Don Manning (Copeman’s) graduated from Shawnigan in 1964, having started in Grade 7. He returned to the School this week to share some stories and context from his six years as a student. A lot of things have changed in the 60-plus years since he left.
 
“When you drive in through the gates, it has the feel of the School, but it’s not the same School,” he said.
 
The School was “harsh” and “not a caring environment” when Mr. Manning attended, and the student-to-faculty ratio was much higher than it is now. The senior boys – it was an all-boys’ school at the time – had more influence and control over the juniors, who often had to act as their personal servants. As things changed gradually, Shawnigan was a “marvellous place to be” in his later years at the School.
 
Copeman’s was one of four Houses at the time, Mr. Manning recalled, along with Lake’s, Groves’ and Ripley’s. It was heated by a coal furnace that the boys had to stoke. In the winter months, it could get so cold overnight that if you left a glass of water beside your bed, you might wake up to find a thin layer of ice formed on top.
 
There were 12 boys to a dorm, and bed inspections every morning. Mr. Manning’s House Director was Mr. Derek Hyde-Lay, whose family remains part of the School community, while the Matron was Mrs. Hartl, whose family is memorialized in the name of one of the creeks that crosses campus. Once the boys left their rooms in the morning, they didn’t return until bedtime. All classes were held in the classroom block until it burned down in 1958 – a spectacle Mr. Manning remembers watching from his dorm while older boys helped firefighters battle the flames in vain.
 
The Headmaster when Mr. Manning entered Shawnigan was Mr. Peter Kaye – namesake of Kaye’s House. It was a rule at the time that all boys had to wear a tie off campus. Once, Mr. Kaye was driving Mr. Manning and another student to the nearby train station, but Mr. Manning had misplaced his tie. They hurried to the Commissary – located then where the Brown Family Health Centre is now – and acquired a new tie. Unfortunately, Mr. Manning had never learned how to tie a tie; he had his tied once and kept it hanging in his closet, pre-tied for when he needed it. He found himself sitting in the back of the Headmaster’s car, embarrassed that he didn’t know what to do with his newly obtained garment, and Mr. Kaye was aghast.
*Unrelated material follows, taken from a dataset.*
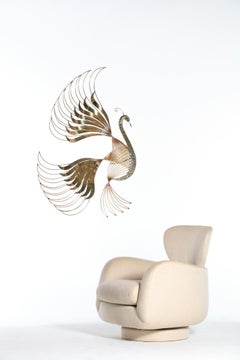 Peacock Wall Sculpture by Curtis Jere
There were, obviously, no cell phones at the time, and students didn’t have access to landlines either. Communication with their parents was almost exclusively through letters. Those sent home by Shawnigan students were perfunctory, but letters received at the School were cherished – and care parcels even more so. Students typically didn’t have any contact with their families other than mail for three and a half months at a time. When Mr. Manning asked current Grade 8s which of them speaks with their parents every day, well over half the students raised their hands.
 
Travel to and from the School was largely done by train – with a steamer trunk in tow. In Mr. Manning’s case, he caught a train from Edmonton to Vancouver, spent a day in Vancouver, then took a ferry to Nanaimo, where the school bus picked him up. Mr. Manning recalled one fellow student getting off the train in Jasper, Alberta and selling his ticket to Vancouver for pocket money, then hitchhiking to the ferry.
 
Sports at the time included rugby, basketball, cricket, and track and field against other schools and clubs, rowing, and inter-House swimming and boxing. Among Shawnigan’s opponents that Mr. Manning remembers were St. George’s School, University School (part of St. Michaels University School since 1971) and Brentwood College School.
 
As harsh and disciplined as the School was in those years, the students did get quite a bit of free rein during their time off. The Commissary was just for school supplies and some uniform pieces, so students had to walk to Mason’s Store for any snacks, which they could do between the end of classes and dinner time. They also had Sunday afternoons off, when they could ride their bikes – usually nearby or around Shawnigan Lake, although Mr. Manning mentioned once riding all the way to Duncan for a foot-long hot dog. The boys would also ride or walk the short distance to what was then Strathcona Lodge School to visit the girls.
 
Thanks again to Mr. Manning for returning to the School to share some memories with our current Grade 8s!